Then there's bipartisanship or, as Obama puts it, bringing us together. This is the core of Obama's appeal. It allows him to campaign not from his ideological home on the left but from somewhere above the fray, somewhere in the heavens.

McCain, alone among Republicans, can bring him back to earth. Obama talks about crossing the partisan aisle and ending polarization, but he's never done it in any serious way. McCain specializes in it--one more thing infuriating many Republicans. He's joined with Democrats on campaign finance reform, immigration, global warming, judicial nominations, and a lot more.

Imagine a presidential debate this fall between McCain and Obama, the coalition candidate versus the consensus candidate. McCain, for sure, would skewer him on national security, the war on terrorism, taxes, and spending. Would Obama dare invoke his signature response and claim McCain is being divisive and partisan and we must rise above such disagreements? If he did, would it work?

Many hardcore McCain opponents among the conservative base hate to admit this, and many remain committed to sitting out the election.

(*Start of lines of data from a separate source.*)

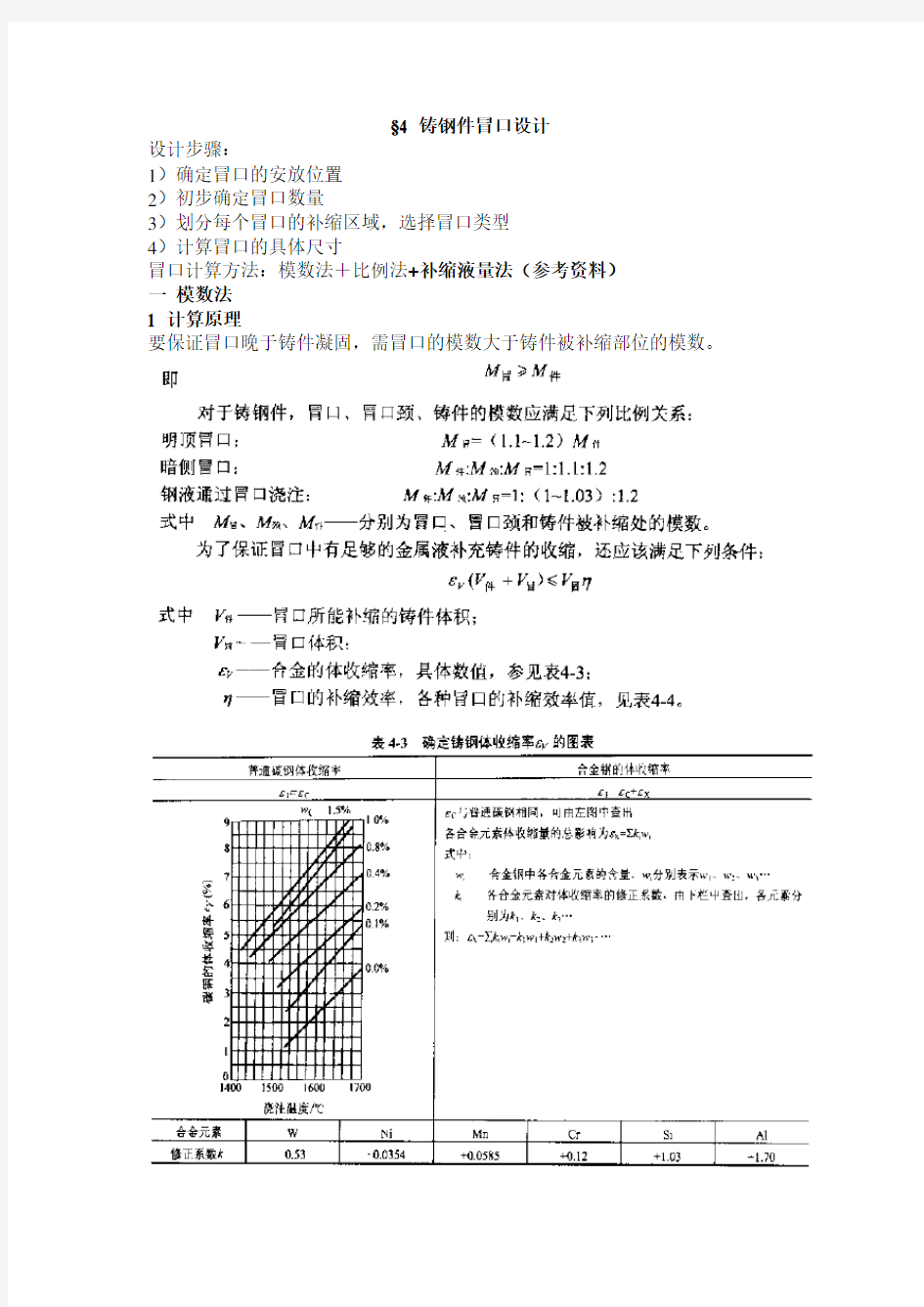 铸钢件冒口的设计与计算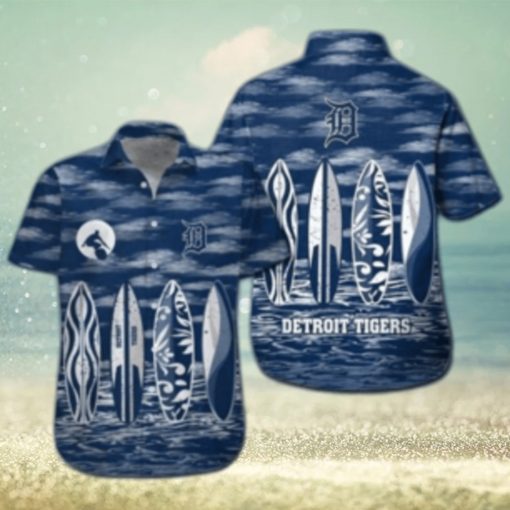 Detroit Tigers Surfboard Stripe Aloha Shirt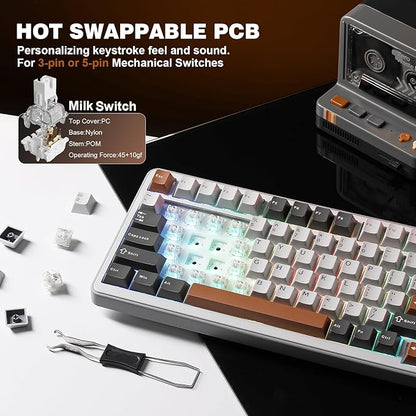 YUNZII B75 PRO Wireless Mechanical Keyboard,75% Layout with Knob,Hot Swap Gasket Custom Structure,Creamy Pre-lubed Switches,RGB Backlit,Bluetooth/Type-C/2.4G for Win/Mac(Milk Switch,Grey)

But on the key issues faces us this year - on fiscal policy, healthcare, personal responsiblity, and the war in Iraq - the differences between the candidates are stark.

The left hoped for a Mitt Romney nomination, a candidate they could have torn to shreds on ideological inconsistencies and inexperience. Not so with the Arizona Senator: McCain's an endless nightmare to the big government surrender forces of the America-bashing, nihilist left.